Data in this exercise =
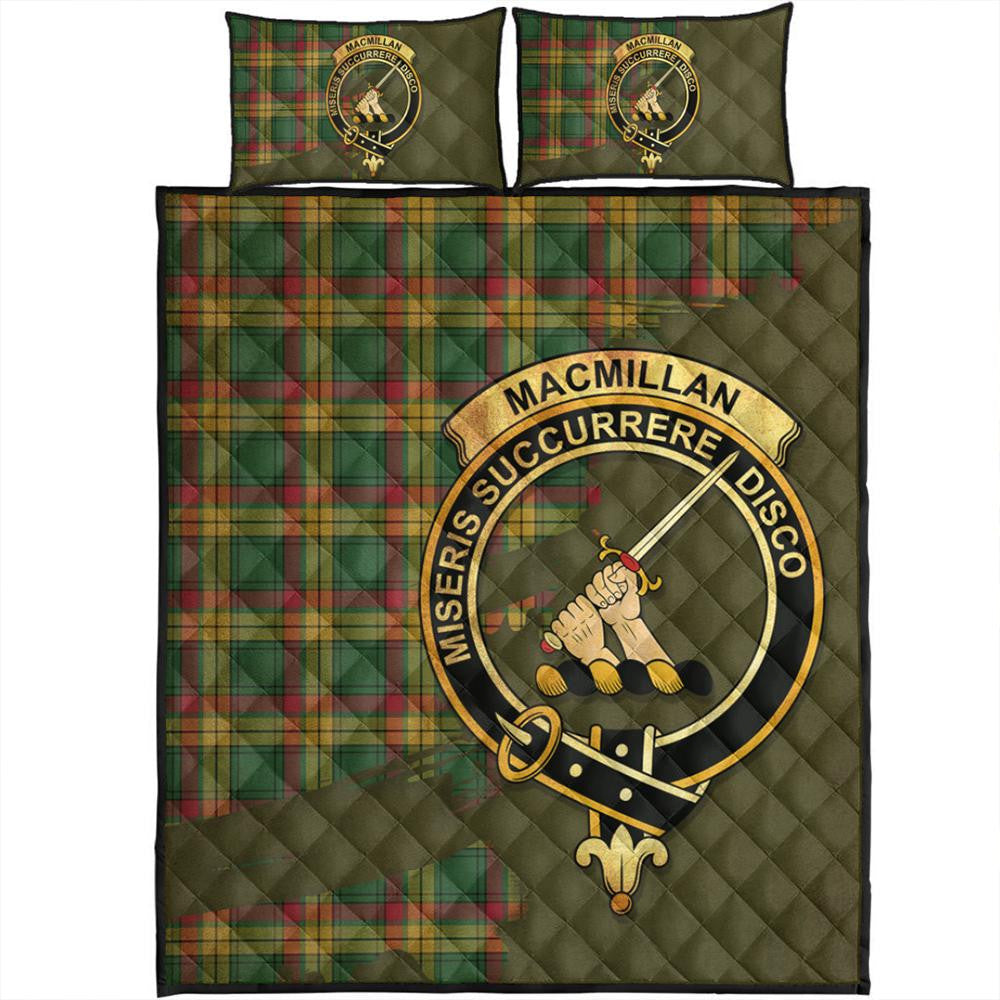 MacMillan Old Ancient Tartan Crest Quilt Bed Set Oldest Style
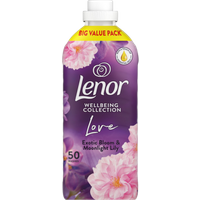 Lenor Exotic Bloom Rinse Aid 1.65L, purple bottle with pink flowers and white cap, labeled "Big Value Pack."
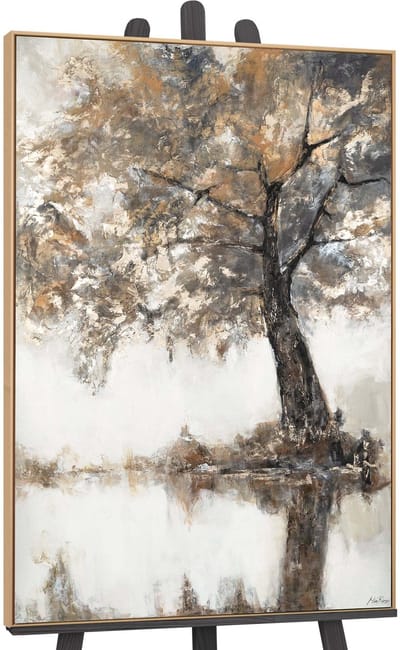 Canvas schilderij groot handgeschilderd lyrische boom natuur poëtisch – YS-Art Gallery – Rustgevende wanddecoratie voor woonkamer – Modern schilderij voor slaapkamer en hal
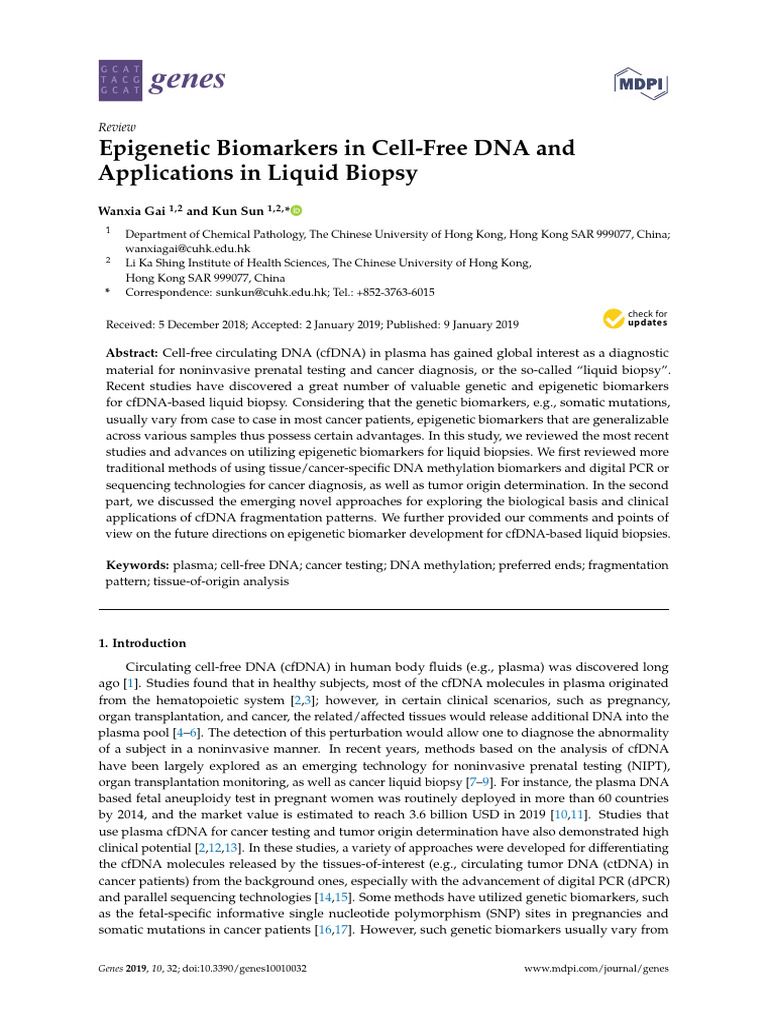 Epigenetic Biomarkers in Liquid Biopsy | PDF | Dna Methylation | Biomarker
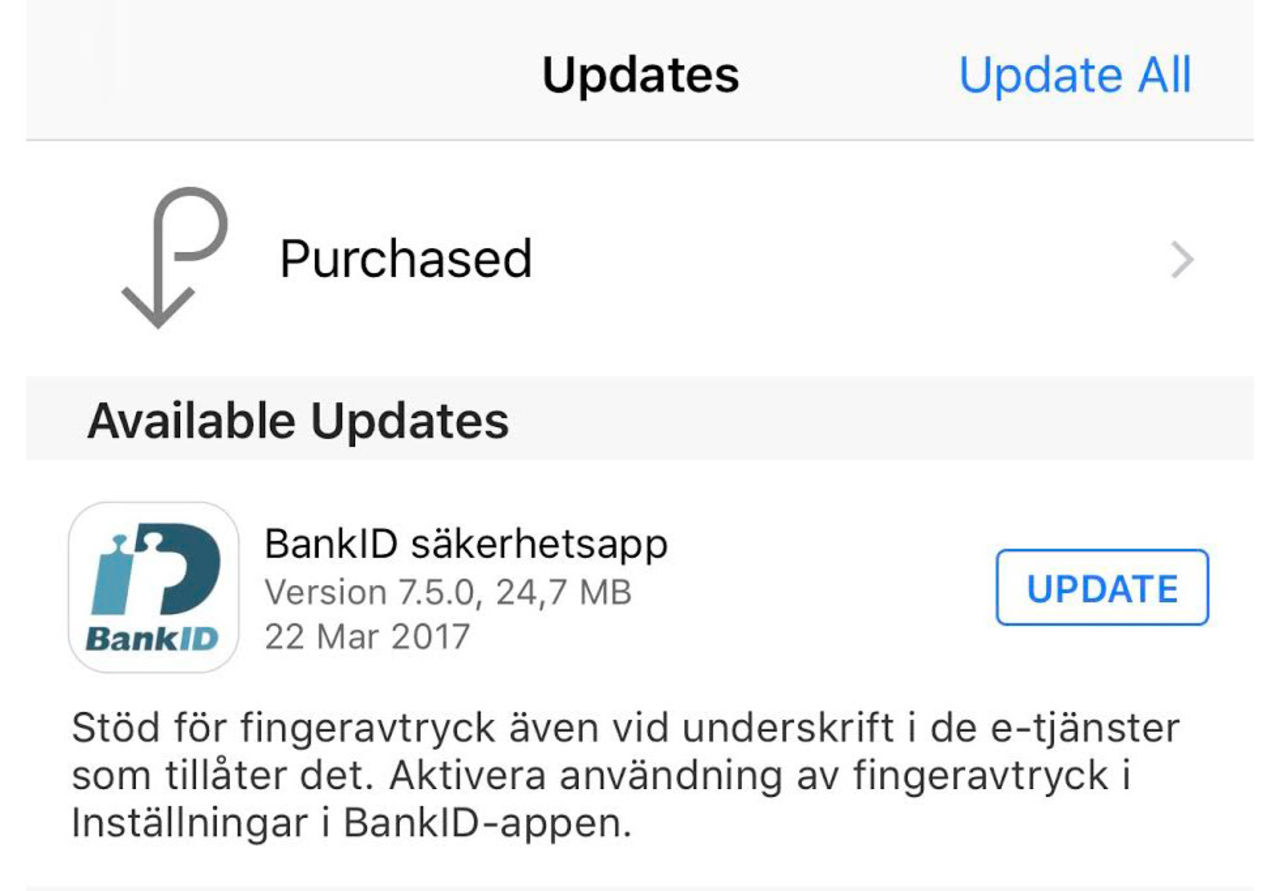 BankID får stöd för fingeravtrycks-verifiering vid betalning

Exercise brief =
Once more, give the listing above exactly, leaving each picture out.

Task output =
 MacMillan Old Ancient Tartan Crest Quilt Bed Set Oldest Style
 Lenor Exotic Bloom Rinse Aid 1.65L, purple bottle with pink flowers and white cap, labeled "Big Value Pack."
 Canvas schilderij groot handgeschilderd lyrische boom natuur poëtisch – YS-Art Gallery – Rustgevende wanddecoratie voor woonkamer – Modern schilderij voor slaapkamer en hal
 Epigenetic Biomarkers in Liquid Biopsy | PDF | Dna Methylation | Biomarker
 BankID får stöd för fingeravtrycks-verifiering vid betalning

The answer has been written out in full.